Numeric types (<int>, <float>, <bool>):

These types are fairly self-explanatory, with the caveat that the values are optionals and may be set to None as mentioned above. The user may provide any value that can be cast to the correct type. For bools, the values (“true”, “yes”, “1”) will be interpreted as True, while (“false”, “no”, “0”) will be interpreted as False.

String types (<str>, <path>):

Literal strings are self-explanatory, but strings may also include variables using python’s f-string syntax, eg “{variable:format}”. Variables may refer to other config keys, environment variables, or metadata keys from the output files. See the naming page for more details on the string formatting system. The <path> type is a special case of <str> that will be expanded and converted to an absolute path after formatting.

Option (<opt(option1,option2,…)>):

This type is used for keys that must be set to one of a specific set of options.

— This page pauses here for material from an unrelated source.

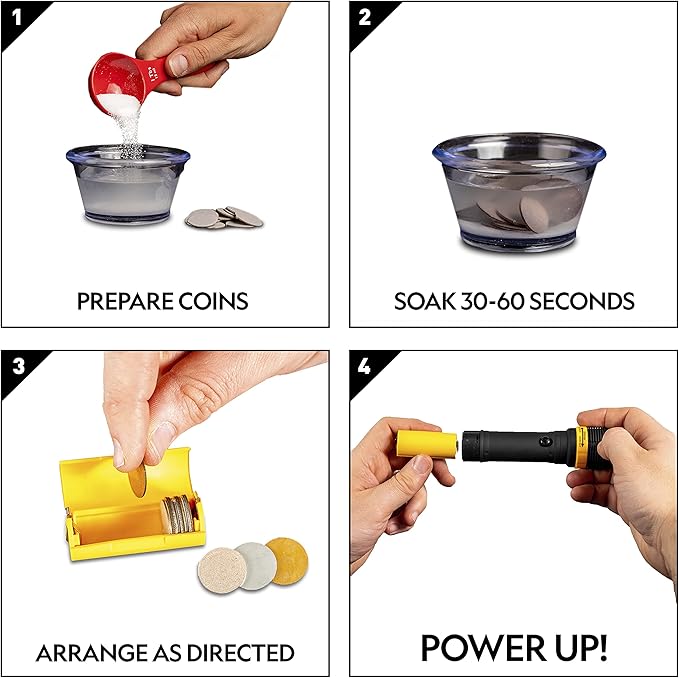 NATIONAL GEOGRAPHIC Battery Making Kit - Potato Clock and Penny Powered Flashlight Science Kit, 2 Electricity STEM Projects for Kids, Electrical Circuit Toy for Boys and Girls (Amazon Exclusive)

The user may provide any value that matches one of the options in the parentheses, ignoring case and whitespace. The first option in the list is treated as the default value for the key.

Condition (<cond>):

This type is used for condition strings that are evaluated at runtime. They are used to check for additional metadata requirements for certain types of files, and to automatically choose an appropriate merging method based on the file metadata. The strings are currently evaluated using python’s eval() function, so they are potentially dangerous and should not be set in user configs without careful consideration. If a condition refers to metadata keys that do not exist, the condition will evaluate to False.

Size Estimator (<size_spec>):

This is a special type used to specify how the size of an output file scales with the size of the input files. Four modes are currently supported:

sum (‘s’, ‘sum’):

The output file size scales as the sum of the input file sizes. This is the default setting and should be appropriate for most basic merges of generic data.

average (‘a’, ‘avg’, ‘average’):

The output file size is set to the average of the input file sizes. This is suitable for data such as ROOT histograms, where merging is done by adding the bin contents together but the number of bins (and thus the file size) remains the same.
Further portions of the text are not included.